As opções de material de fabricação de ferramentas incluem alumínio, titânio, aço endurecido e aço inoxidável. Fatores como o tipo de plástico a ser soldado, o tamanho e a configuração da junta, a resistência da solda e / ou durabilidade determinarão o melhor material para o trabalho. Por exemplo, para maior longevidade, o aço endurecido pode ser uma boa escolha.
Um bom design de fixação também é fundamental. O acessório tem duas finalidades principais: alinhar as peças sob o chifre e apoiar diretamente sob a área de solda. Esse suporte também inclui a reflexão da energia ultrassônica de volta para o plano de solda, motivo pelo qual os acessórios geralmente são usinados em metal.
Para maior resistência e durabilidade, pode-se aplicar revestimento de carboneto ou cromagem. Acessórios e ferramentas com contornos para peças de formato irregular podem ser projetados de forma personalizada, junto com dispositivos periféricos para prender, segurar e alinhar peças opostas. Acessórios segmentados e ajustáveis ​​também podem ser construídos para garantir um encaixe seguro com peças de plástico moldado.


5. Parâmetros de soldagem:


Durante o próprio processo de soldagem, dependendo do tipo de sistema que está sendo usado, uma variedade de parâmetros de soldagem influenciam o resultado. Estes incluem amplitude / pressão, força de disparo e limites de tolerância, dependendo se a soldagem é feita por tempo, energia ou distância.
A configuração de amplitude é usada para especificar a amplitude vibracional. Ajustes finos de configurações de amplitude e pressão podem ser feitos frequentemente no controlador que aciona uma prensa, enquanto os ajustes principais podem ser realizados por meio do uso de reforços e controles de pressão.
As configurações de pressão da força de disparo especificam a pressão que precisa ser alcançada para disparar o ultrassom.
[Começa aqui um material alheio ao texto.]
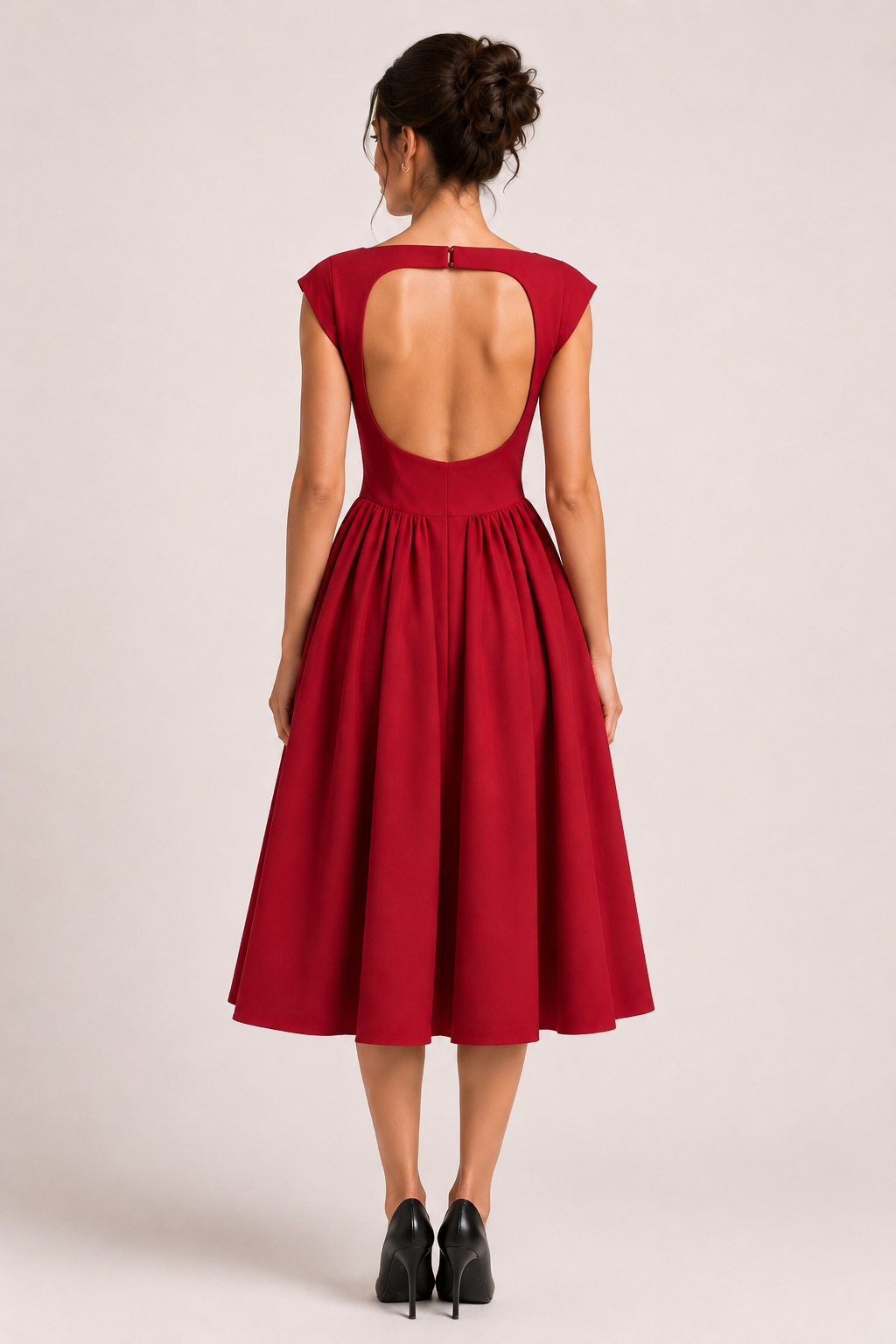 Vestido elegante midi de cóctel con falda amplia - Alisa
O ajuste desse parâmetro com configurações, como temporizadores de retardo, modos de pré-disparo e configurações de força / pressão, pode afetar por quanto tempo as peças ficam em contato antes que o ultrassom esteja realmente ligado.
Configurações de tempo, como tempo de solda (a duração de tempo durante o qual as vibrações ultrassônicas são realmente aplicadas às peças) e tempo de espera (a duração pela qual a pressão é mantida para garantir a adesão adequada das peças, após o tempo de solda real e com ultrassom para que a solda possa esfriar), influenciam ainda mais quando e por quanto tempo o ultrassom deve permanecer ligado.
Da mesma forma, alguns sistemas permitirão ao usuário especificar configurações de energia - com limites e um pulso de calibração, por exemplo - enquanto alguns também permitirão configurações de distância - como incremental, pré-disparo, absoluto e limites.
Como pode ser visto, muitas partes móveis, se quiserem, entram em ação durante o processo de soldagem ultrassônica. A manipulação desses parâmetros pode significar a diferença entre uma solda bem-sucedida e uma solda ineficaz ou um chifre rachado.